WORK TASK:
From top to bottom, print the listing word for word and skip any pictures it contains.

DATA PROVIDED:

Start of Block

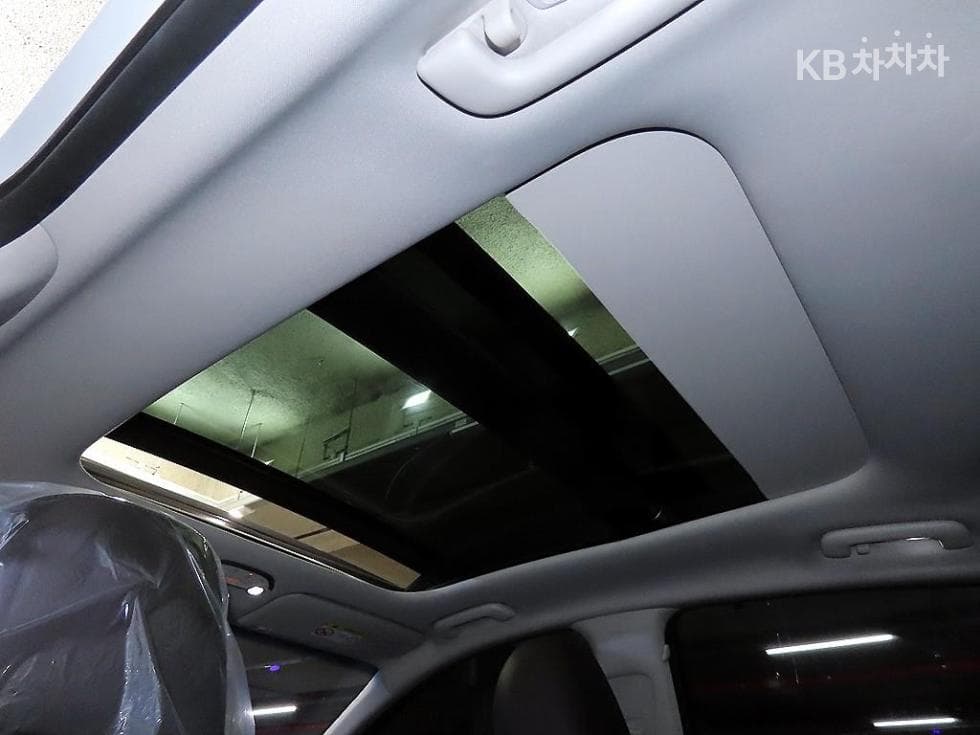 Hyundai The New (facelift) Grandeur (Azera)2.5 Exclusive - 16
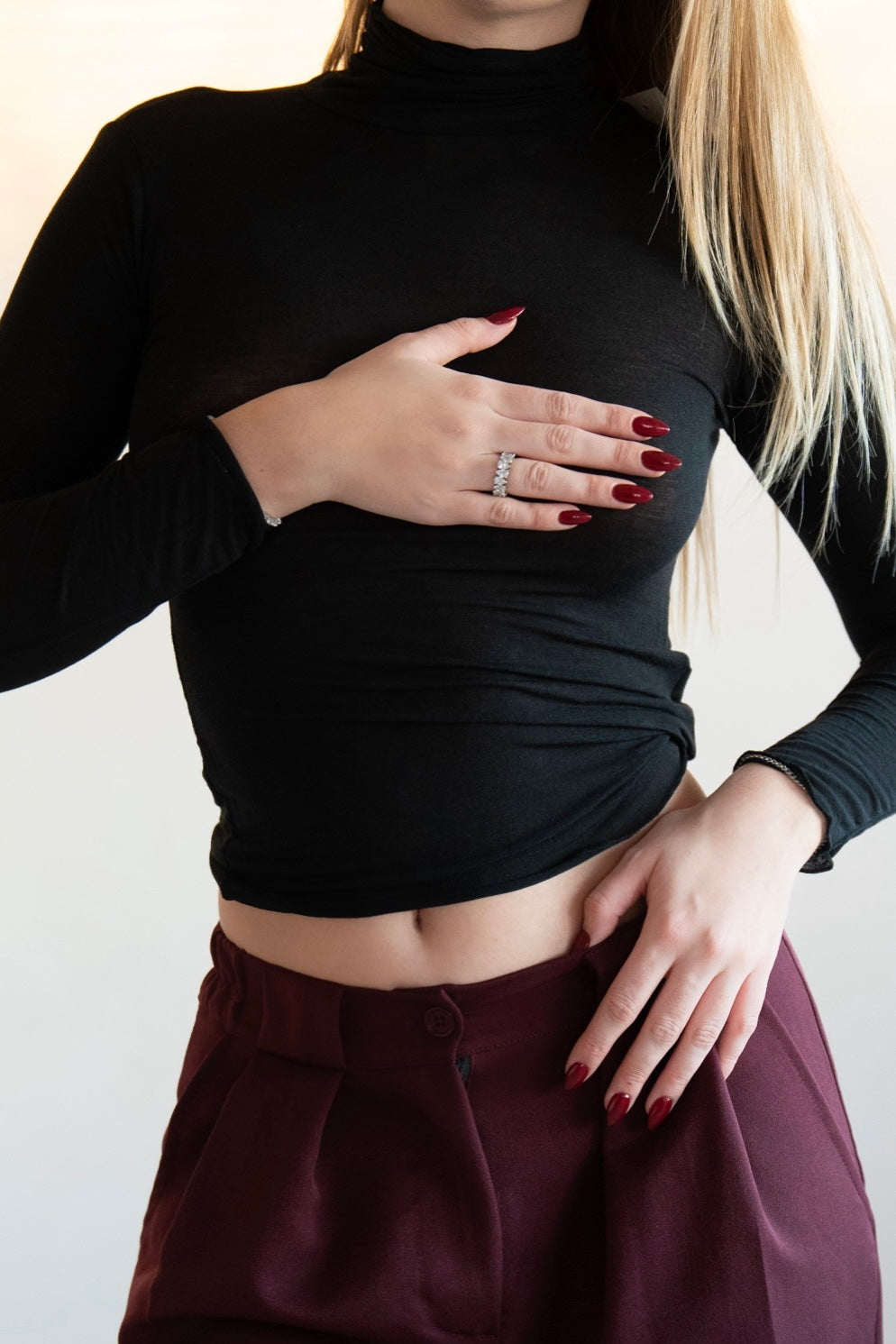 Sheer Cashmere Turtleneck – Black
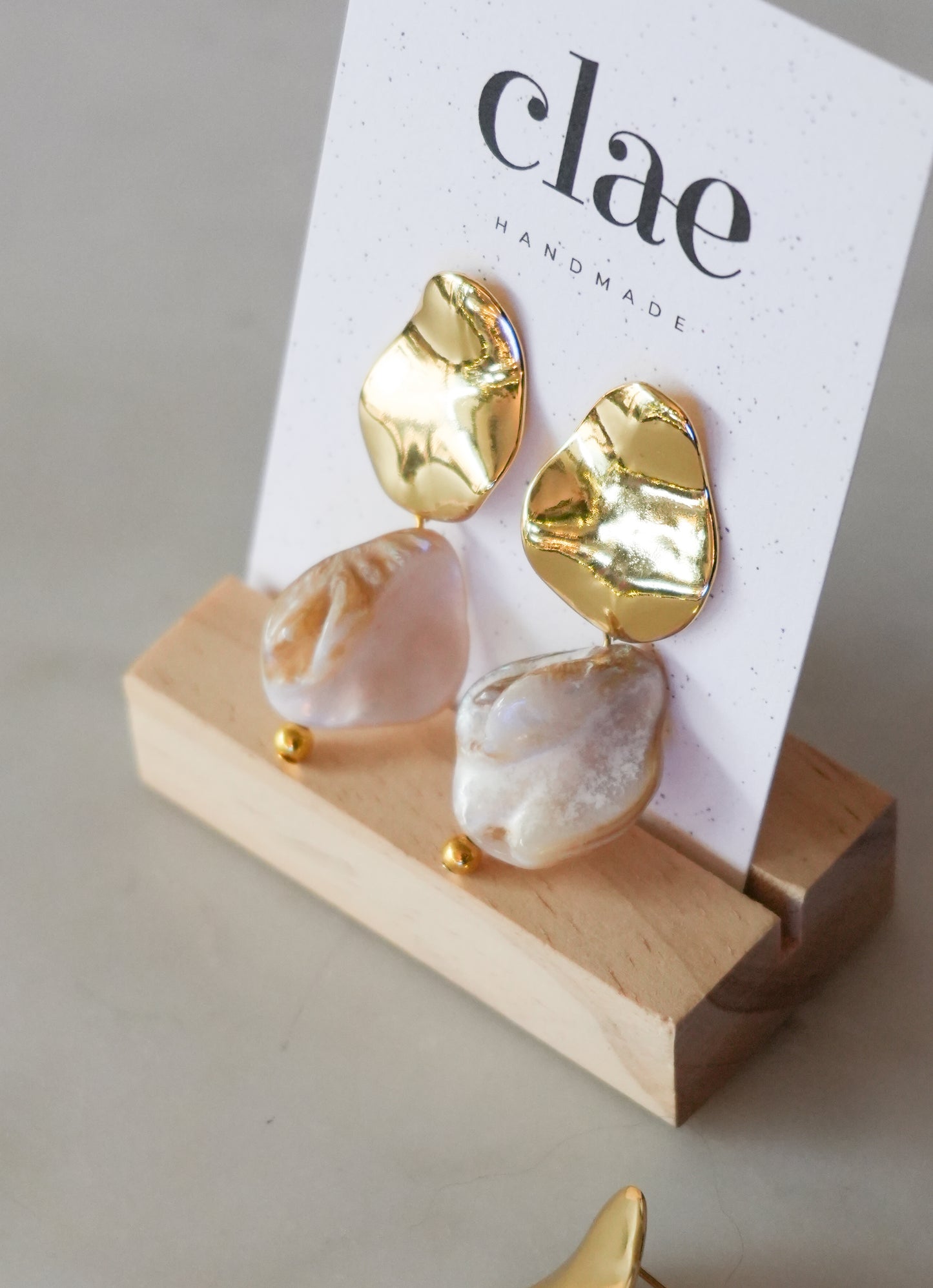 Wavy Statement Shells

End of Block

WORKED SOLUTION:
 Hyundai The New (facelift) Grandeur (Azera)2.5 Exclusive - 16
 Sheer Cashmere Turtleneck – Black
 Wavy Statement Shells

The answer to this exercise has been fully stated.